Since World War II, the typical recession lasts for a year, with a recovery lasting five years.
But, the report says, recessions linked to financial crises, such as the current one, tend to last much longer.
The recoveries following these slowdowns are then often held back by weak private demand, as households try to save more.
A synchronised slowdown – where many of the world’s economies are in recession at the same time – lasts one and a half times longer than a typical recession.
“This combination is historically rare,” the report said, but these two factors do suggest that this current downturn will be “persistent” with a “weaker-than-average recovery”.
Aggressive monetary and fiscal policy measures are needed to support demand in the short term, adding that restoring confidence in the financial sector is critically important if policies are to be effective.
The problems in the financial sector have quickly spread from the US and the UK to other countries.
The IMF has expressed scepticism that enough is being done to restore the financial system to health in the advanced economies.

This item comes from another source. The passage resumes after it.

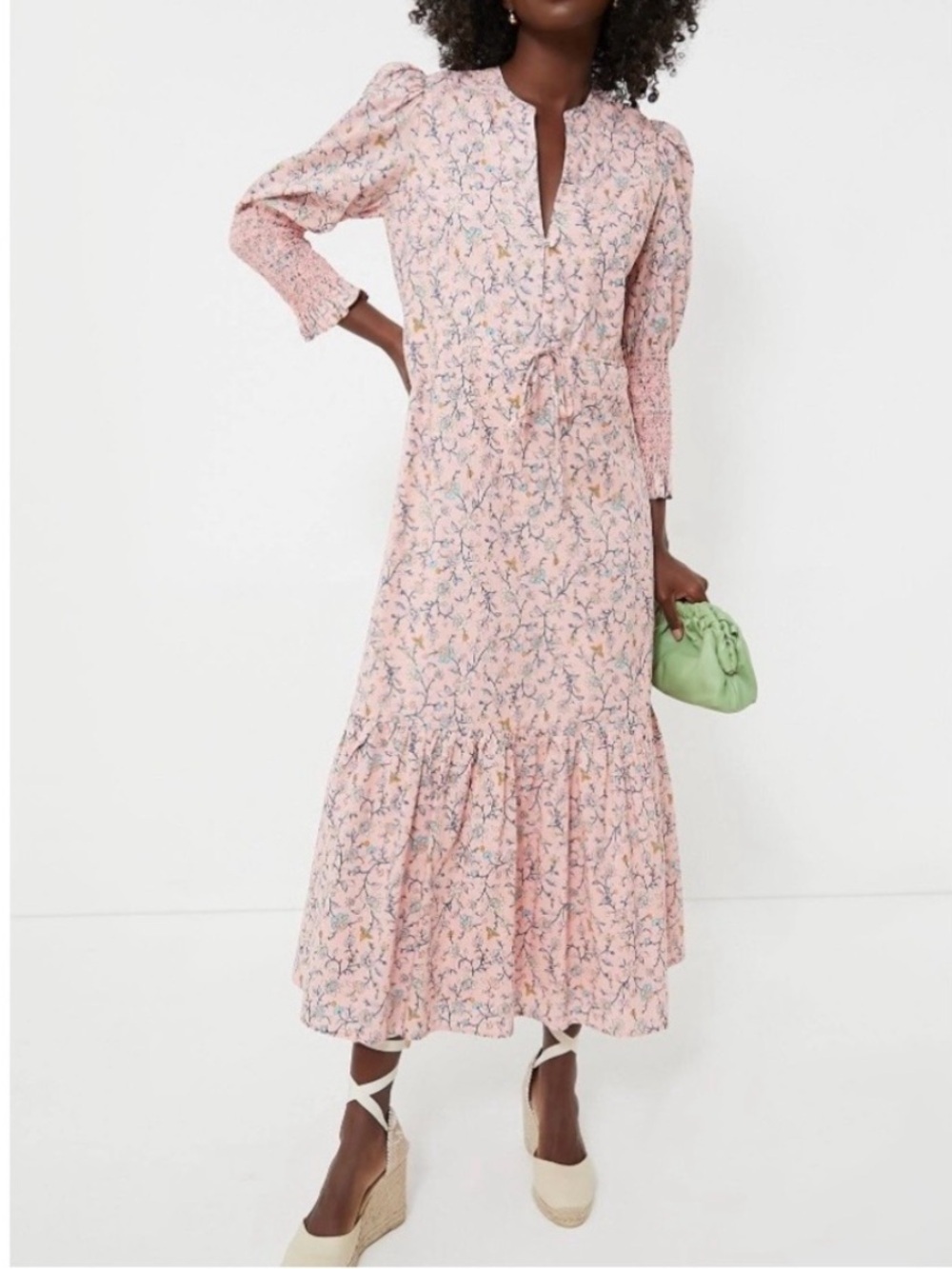 NWT Hyacinth House Tuckernuck Lucille Floral Pink Drawstring Maxi Dress XXL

The IMF also warned that the financial crisis is having far-reaching effect on emerging economies, particularly in Eastern Europe.

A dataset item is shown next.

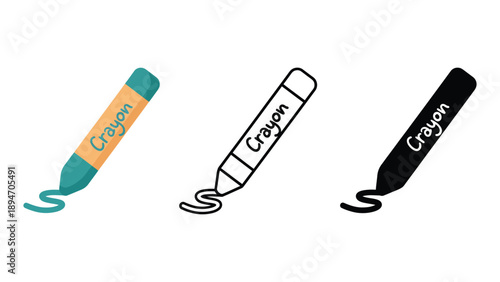 A colorful illustration of crayons in different colors and styles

It says that globalisation has strengthened the transmission mechanisms which will deepen the crisis.
The strong presence of Western European banks in emerging Europe has meant that banks’ liquidity problems are being felt in these countries.
“Given their large exposure, emerging European economies might be heavily affected,” it said.
This may mean there will be a protracted decline in capital flows to these countries, it added.
And the IMF says it could be a long time before such flows return to developing and emerging market countries.
With the financial crisis intensifying, more countries are coming to the IMF for help and its supply of funds to loan may run out.
Poland has recently asked for a $20bn loan, joining a number of other Eastern European countries, including Ukraine, Hungary and Lithuania.
At the recent London summit, the G20 agreed that the IMF should triple its available resources to $750bn, to ensure that it had enough money to offer loans.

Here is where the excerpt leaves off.